BF: Serbia has participated in the Science for Peace and Security Programme since 2007 and it enables closer cooperation in the areas of mutual interest in order to enhance the security of NATO and partner countries in many fields, first of all in the aspect of meeting security challenges. Apart from that, this programme promotes regional security through scientific cooperation between NATO member states and partner countries. Until now there have been 20 project realised with Serbia in various areas such as fight against terrorism, energy security, environmental protection, cyber security, defence against chemical and biological weaponry, as well as security related technology and other.

Realisation of some projects in the area of energy security, defence against CBRN agents, cyber security, fight against terrorism and human and social aspects of security with military and civilian purpose, is currently ongoing.

These examples, alongside many others, show that this programme, which mostly has a civilian component, can be extremely useful and precious for strengthening the capacities of many of our scientific and research institutions, as well as other institutions and enabling scientists, researchers and representatives of academic field to join projects they are interested in. Furthermore, specific projects are significant for solving some issues for local community, and can be of interest for the area as a whole, and both its military and civilian aspects.

EWB: German Chancellor Merkel and French President Macron have announced some time ago the initiative for formation of the European army. Can Serbia join the initiative, or would it be considered the violation of military neutrality?
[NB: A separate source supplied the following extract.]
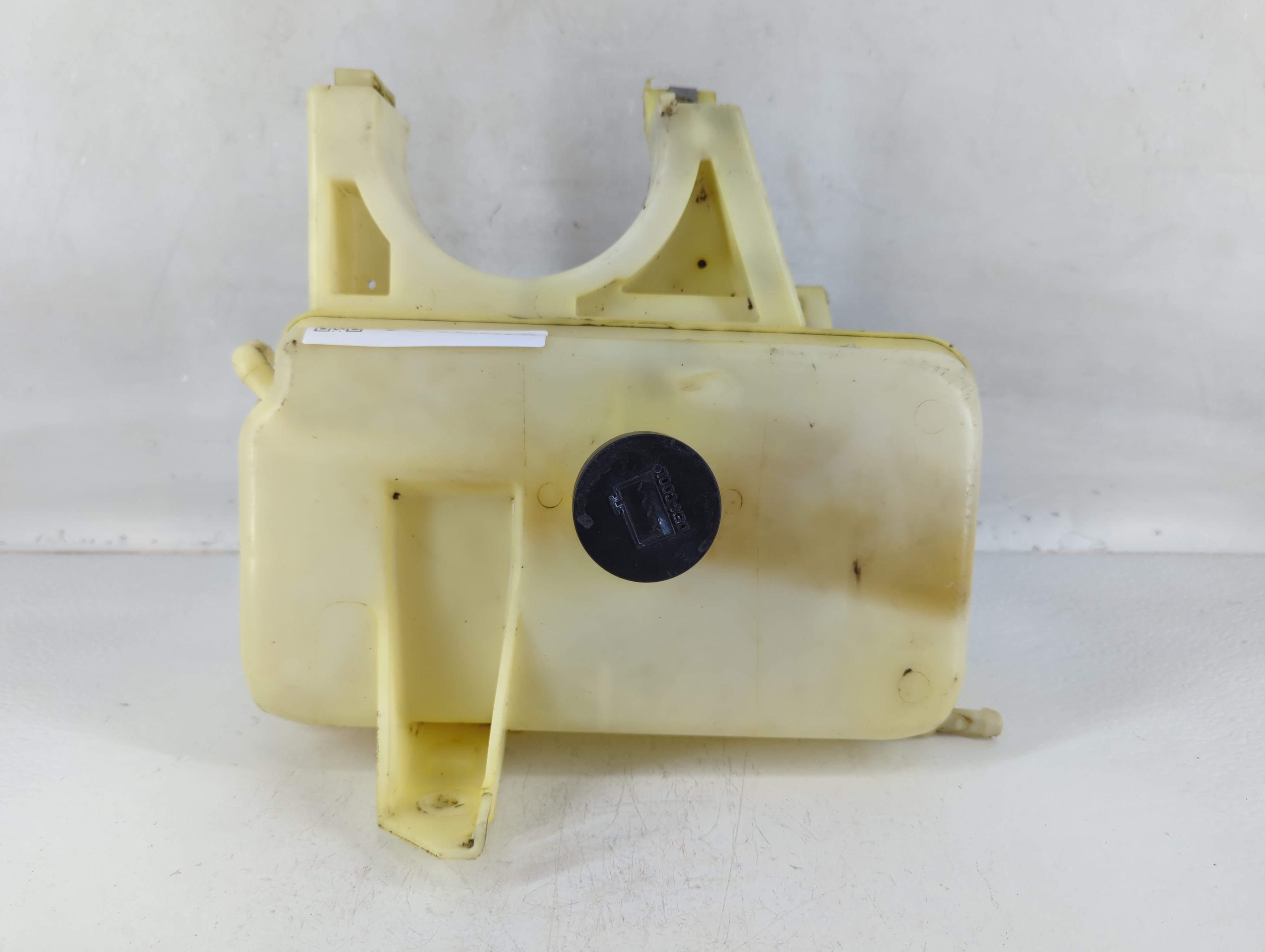 2002-2006 Gmc Envoy Xl Radiator Coolant Overflow Expansion Tank Bottle 777236 - Oemusedautoparts1.com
BF: President of France Macron, in a radio-interview, and German Chancellor Merkel, in her speech in front of the European Parliament in November, have raised the issue of formation of the “European Army”, but it should be noted that this issue is not a new one and that it has been raised in many previous occasions.
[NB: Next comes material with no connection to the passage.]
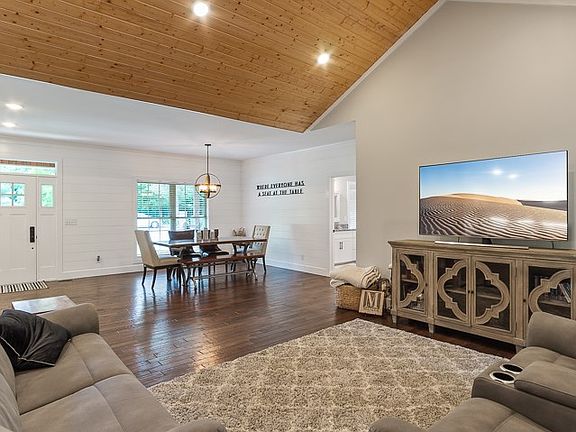 5th image of 3933 Oakmont Cir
Let me just mention, among others, the initial idea of then president of the French Council of Ministers Rene Pleven at the beginning of 1950s, which brought to the negotiations on the Agreement on European Defence Community, which was never ratified by the France itself, as well the idea of then Prime Minister Juppe, during the middle of 1990s, or similar ideas of President of the European Commission Jean-Claude Juncker at the beginning of his mandate.

So,the  two of the highest officials of France and Germany have come forward with the general idea, but without a concrete details which would be crucial for understanding this announcement, as well as for further process of consideration of this issue in the EU structures. For those reasons it is not possible to say what could be the relation of this idea to the concept of military neutrality and independence. Anyhow, Serbia would have to take a more definite position, if this initiative gets concrete shapes, and before the formal debate within EU institutions commences.

This initiative is certainly connected to the strengthening of European defence capacities in current international moment, which was recognized at the EU level especially 2016 when an ambitious package – “Defence Package”, made of three mutually connected elements: Implementation plan in the areas of security and defence, European action plan of defence and Strengthening EU-NATO cooperation.

Furthermore, having all that in mind, this initiative, with the expectation of more details, should be considered from multiple aspects: EU’s ability to contribute to its defence more robustly, relations with NATO, as well as collective defence system, whose members are the majority of EU countries, coordination of the activities and agreements on the ways of capacity building, as well as many other issues, which would relate to command structure, national contributions of member states, making political decisions on the use of these forces, which is all without concrete answer as of yet.

Time will show in which direction the present concept of Common Security and Defence Policy according to which EU undertakes military operations and civilian missions in the cases of peacekeeping, conflict prevention and enhancing international security will evolve, with the Defence Package and other concrete activities strengthening the position in favour of stronger integration in this area.